# [WHAT THE EXERCISE ASKS]
Among the entries below, find the line with "House for rent" and the line with "Roomie's Merry Market". Return exactly those lines and every line between them, but no pictures.

# [MATERIAL FOR THIS EXERCISE]
_ _ _ _

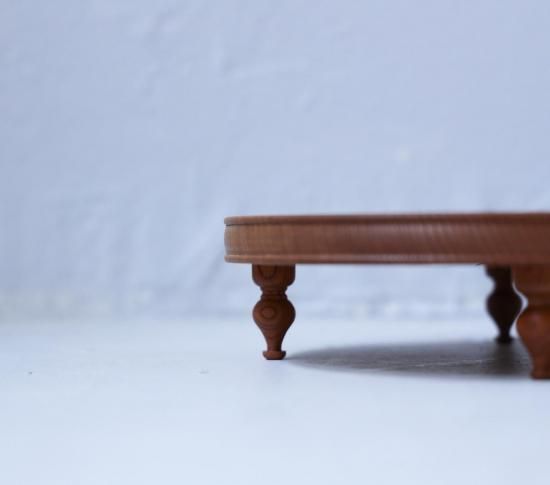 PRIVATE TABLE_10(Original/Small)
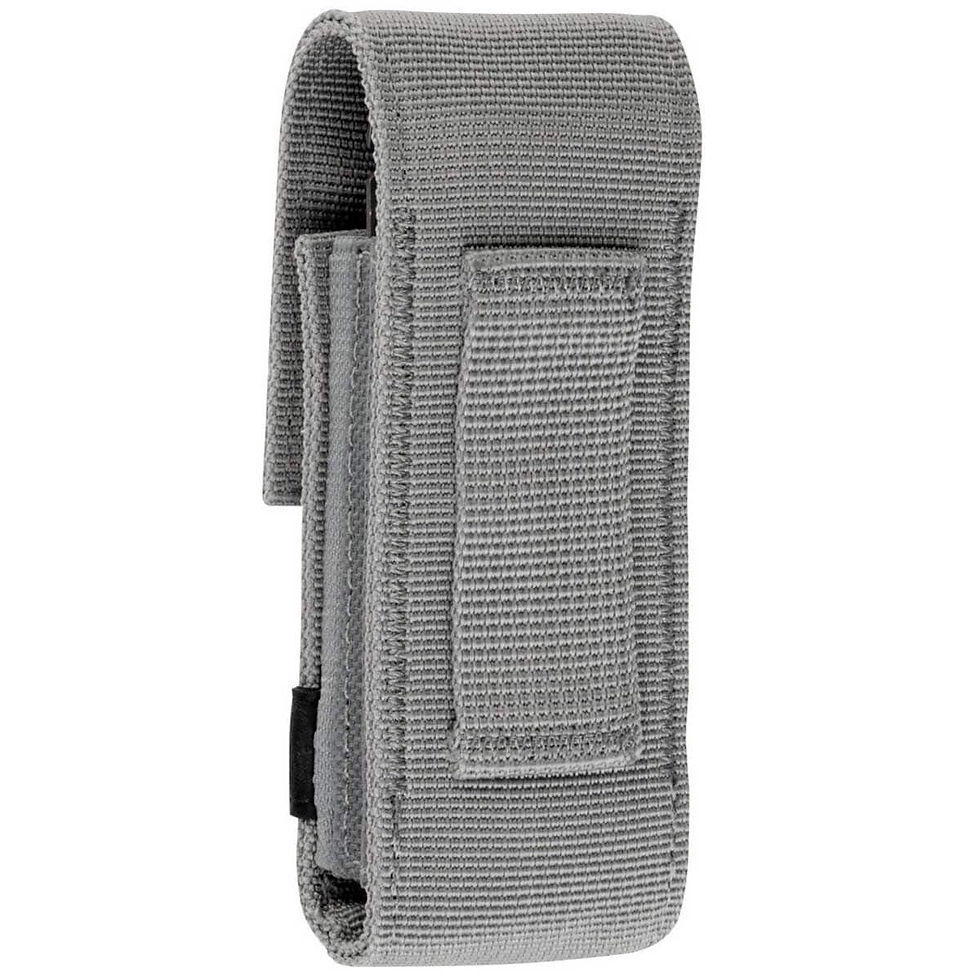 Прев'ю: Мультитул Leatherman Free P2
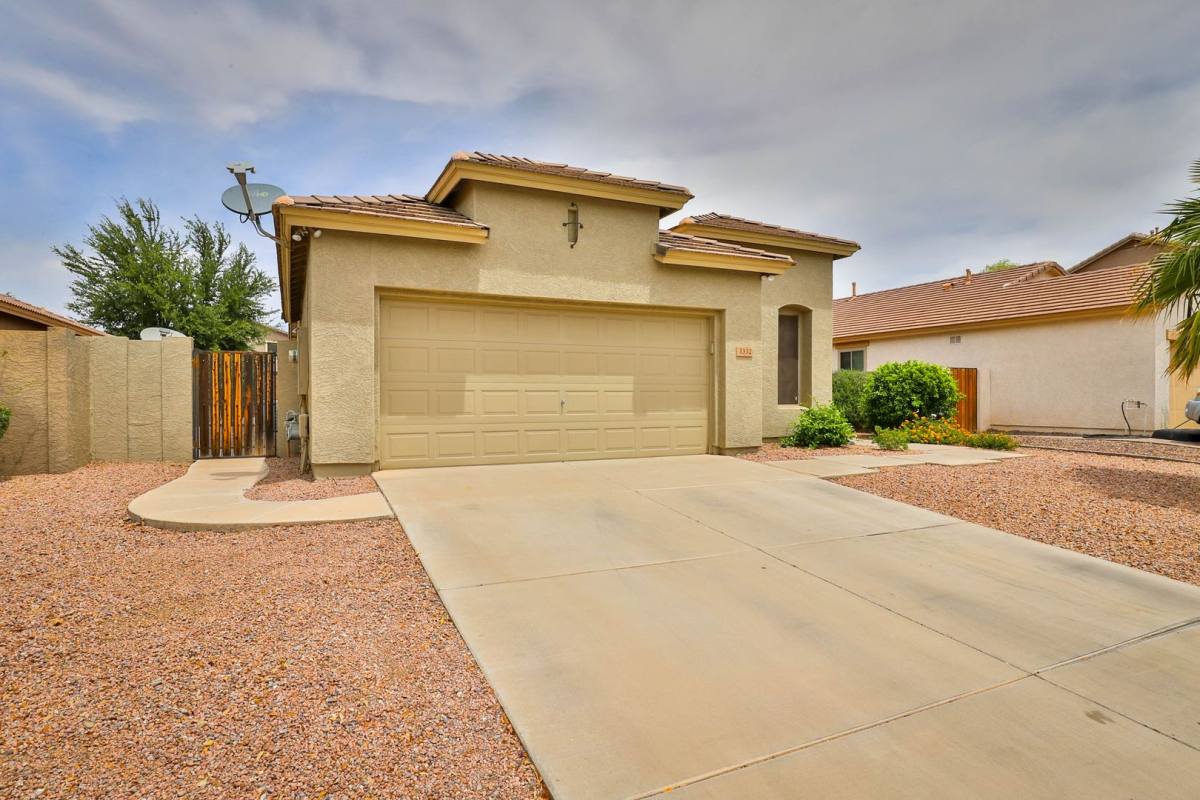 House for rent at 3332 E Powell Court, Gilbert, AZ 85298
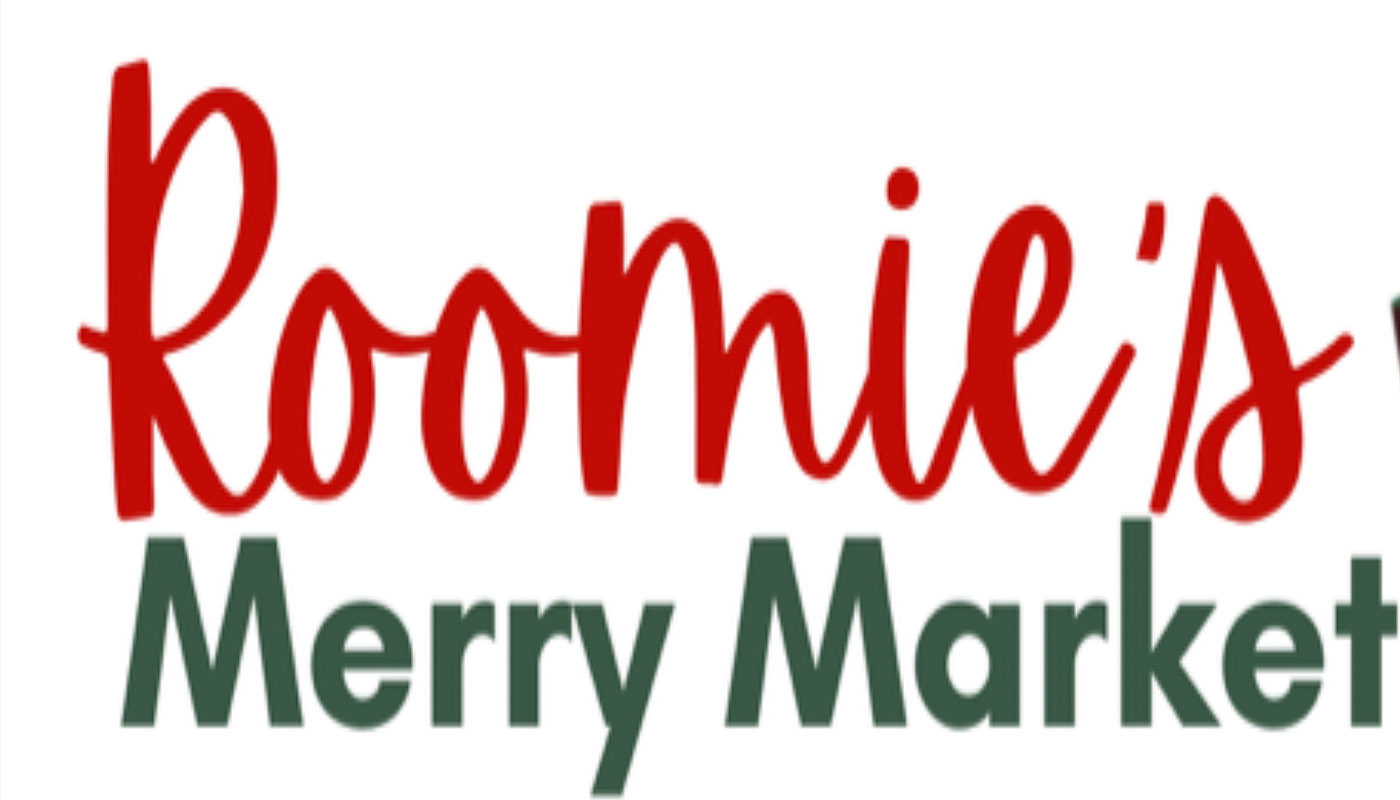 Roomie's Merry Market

_ _ _ _

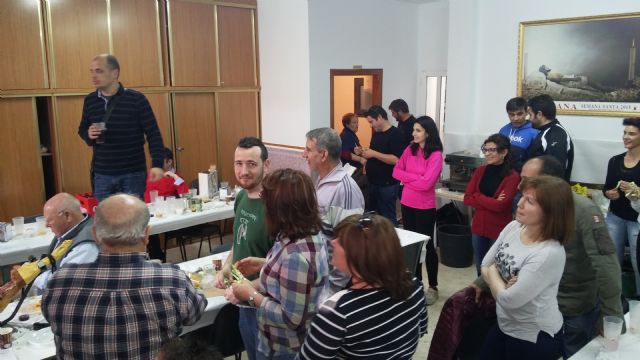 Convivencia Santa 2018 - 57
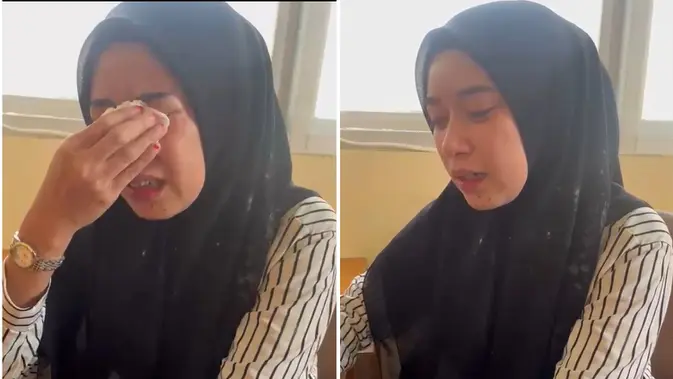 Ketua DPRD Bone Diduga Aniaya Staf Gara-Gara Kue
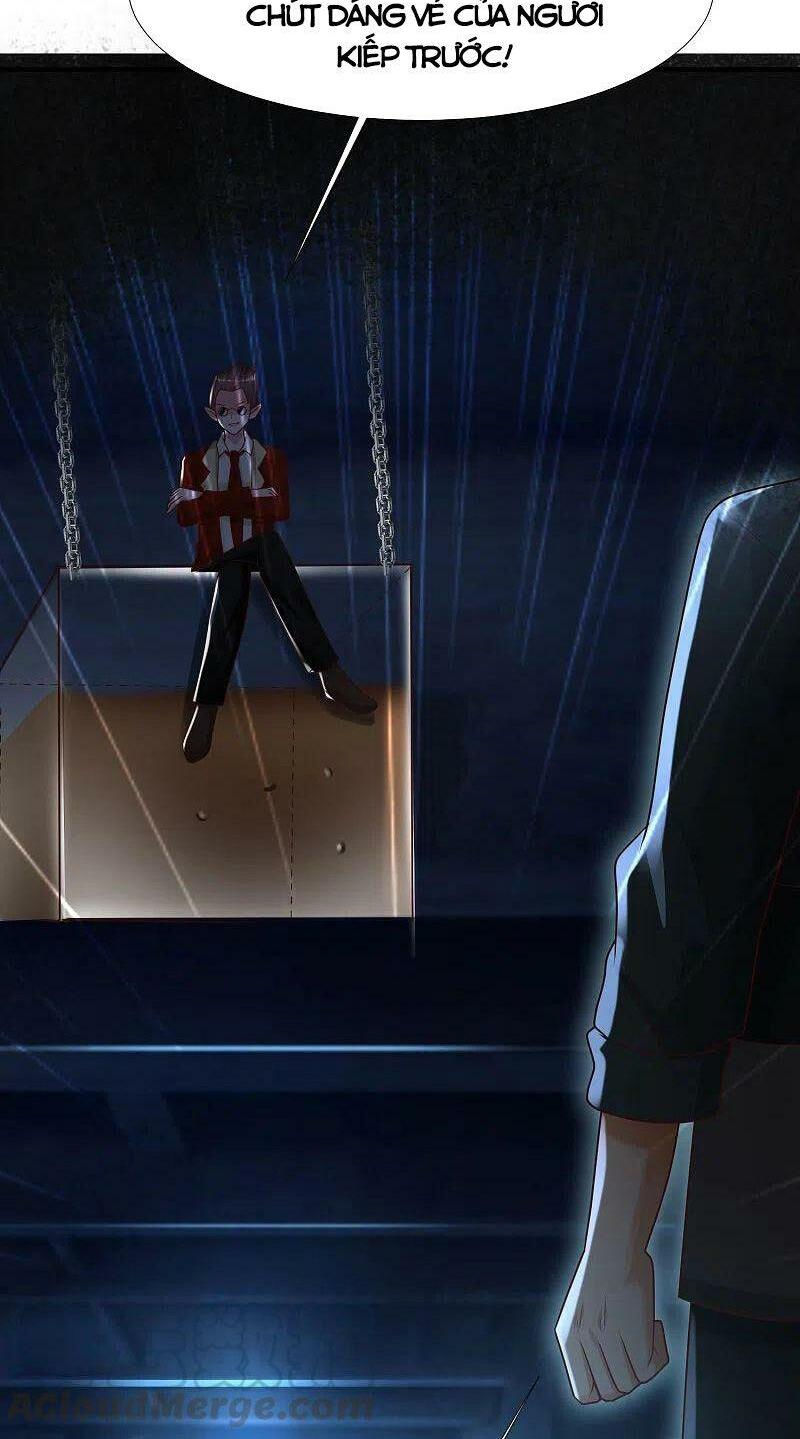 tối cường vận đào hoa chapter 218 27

_ _ _ _

# [REPLY TO THE EXERCISE]
 House for rent at 3332 E Powell Court, Gilbert, AZ 85298
 Roomie's Merry Market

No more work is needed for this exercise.